Graphing the image of a complex number

1. Jan 12, 2009

torquerotates

1. The problem statement, all variables and given/known data

sketch y=2 under the image w=z^(2)

2. Relevant equations
z=x+iy

3. The attempt at a solution
z=x+(1)i=x+i {y=1 and x can be anything}
w=z^(2)=(x+i)^(2)=x^2+2xi-1

after regrouping, w=(x^2-1)+(2x)i and then I consider x^2-1 to be the real part and 2x to be the imaginary part. This is as far as I can get because I have no clue how to graph this.

2. Jan 12, 2009

Dick

I think you just confused because there are a couple of different meanings of x around. Try it this way (if you mean y=1 and not y=2 as you posted).
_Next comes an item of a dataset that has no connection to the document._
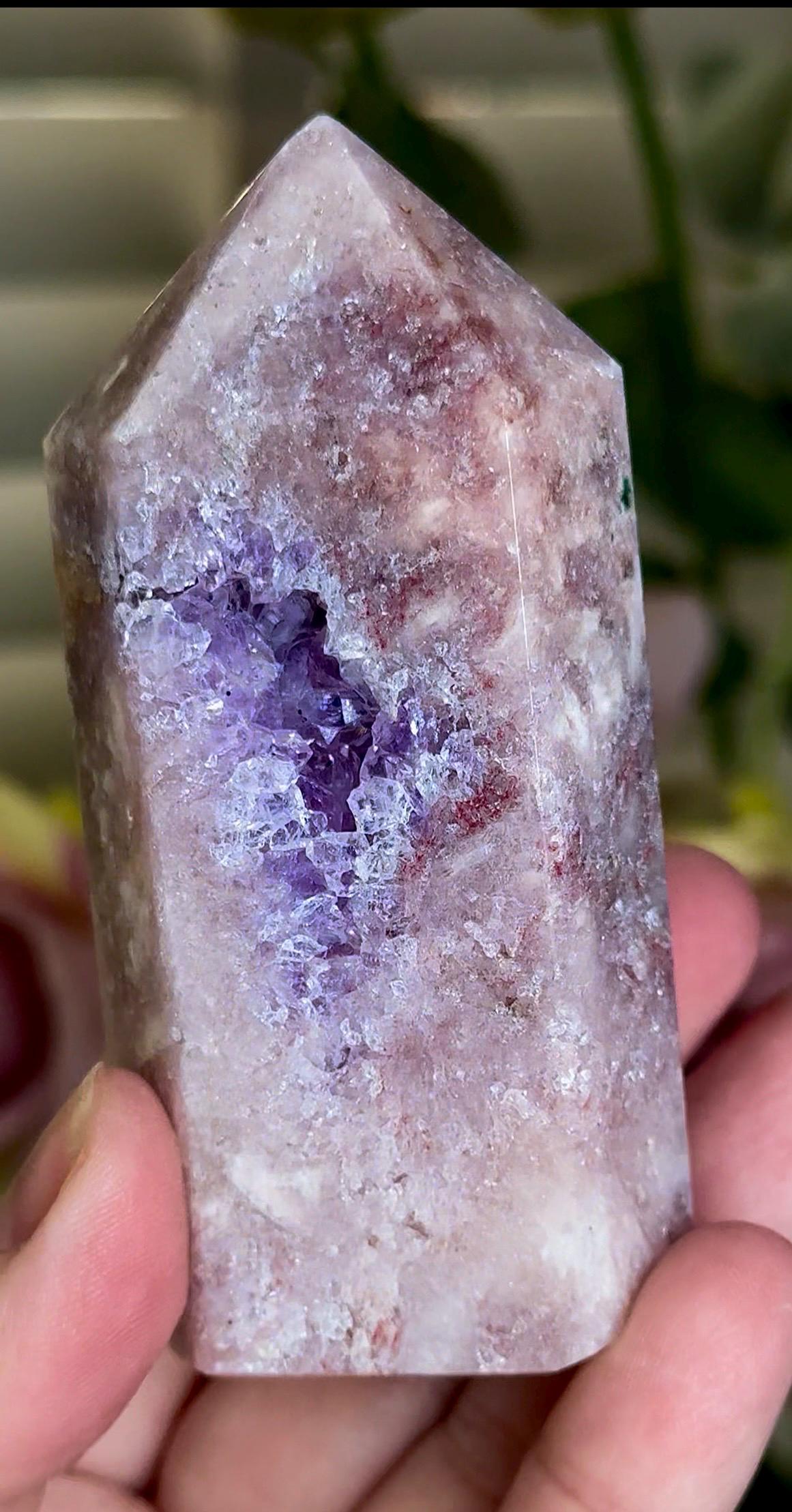 Incredible, High grade, pink amethyst tower with gorgeous purple quartz 173g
A general point on the line y=1 is given (as you said) by t+i where t is any number. Squaring gives x=t^2-1 and y=2t splitting real and imaginary parts. Solve the y equation for t and substitute into the x equation to get an equation involving only x and y.

3. Jan 13, 2009

torquerotates

Ok so I just put x=t^2-1 and y=2t. From this I can conclude that t=y/2 and that x=(y^4)/4-1. This is just a parabola opening to the right facing in the x direction. Is this correct?

4. Jan 13, 2009

Dick

Sounds correct to me. You did mean x=y^2/4-1, right?

5. Jan 13, 2009

lol yeah.